I have done this 10 times now, and I get that it equals -1.

We have an indeterminant form when we plug 0 in (0/0). Thus, I can use l'hopitals rule.

Then:

cos(x)/(1-cos(x)) = 1/0...doesn't work, so do l'hopitals again.

-sin(x)/sin(x) = 0/0; use l'hopitals again

-cos(x)/cos(x) = -1/1 = -1

So, how does it equal infinity?
• November 7th 2006, 07:38 PM
ThePerfectHacker
Quote:

Originally Posted by Ideasman
I'm confused:

Why is the limit(as x -> 0) sin(x)/(x-sin(x)) = infinity?
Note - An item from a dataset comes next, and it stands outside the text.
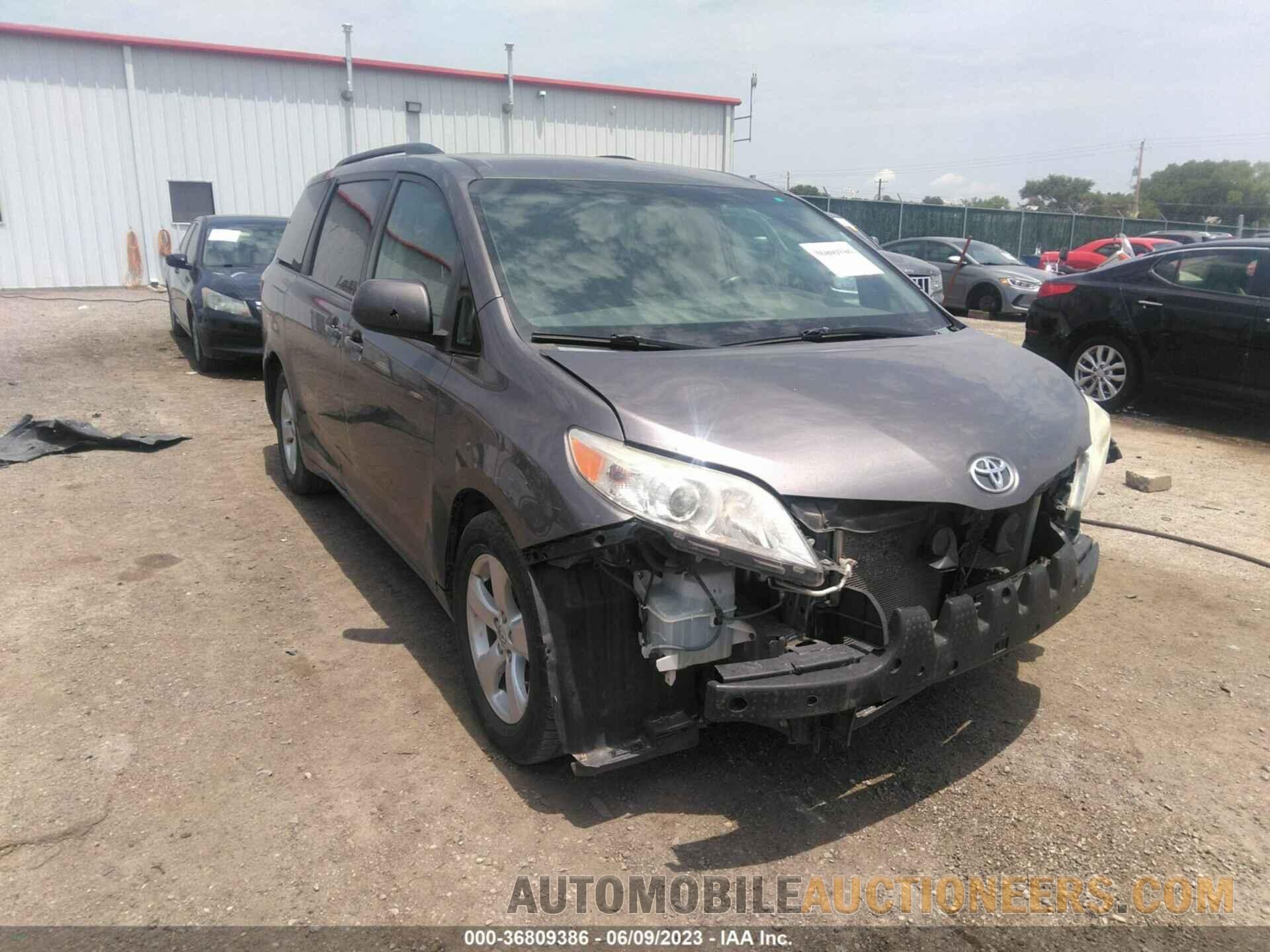 5TDKK3DC1FS589655 TOYOTA SIENNA 2015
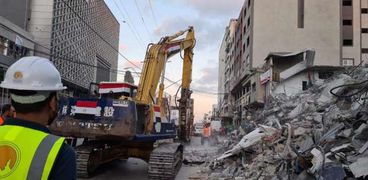 المعدات المصرية تبدأ رفع الأنقاض في غزة تمهيدا لإعادة الإعمار «صور»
I have done this 10 times now, and I get that it equals -1.

We have an indeterminant form when we plug 0 in (0/0). Thus, I can use l'hopitals rule.

Then:

cos(x)/(1-cos(x)) = 1/0...doesn't work, so do l'hopitals again.

-sin(x)/sin(x) = 0/0; use l'hopitals again

-cos(x)/cos(x) = -1/1 = -1

So, how does it equal infinity?

Do not use L'Hopitals rule,
You have,
$\frac{\sin x}{x-\sin x}$
Divide by $\sin x$
Thus,
$\frac{1}{\frac{x}{\sin x}-1}$
So basically, the limit,
$\lim_{x\to 0}\frac{x}{\sin x}=1$
One of standard limits.
Thus, you have division by zero with non-zero numerator thus the limit is infinite. (does not exist).
• November 7th 2006, 07:46 PM
Ideasman
Why can't you use l'hopitals rule? It is an indeterminant form, 0/0.
• November 7th 2006, 07:49 PM
Soltras
Quote:

Originally Posted by Ideasman
Why can't you use l'hopitals rule? It is an indeterminant form, 0/0.

You can, but you used it a second time when the form was 1/0, which was incorrect. Arriving at 1/0 actually would imply the answer is infinity.
• November 7th 2006, 07:50 PM
ThePerfectHacker
Quote:

Originally Posted by Ideasman
Why can't you use l'hopitals rule? It is an indeterminant form, 0/0.

You can, but I rather not.

You mistake is that after you use the L-Hopital rule once you have 1/0 which is limits of infinite. YOU CANNOT USE RULE HERE. Its proof is based on the fact that both are zero!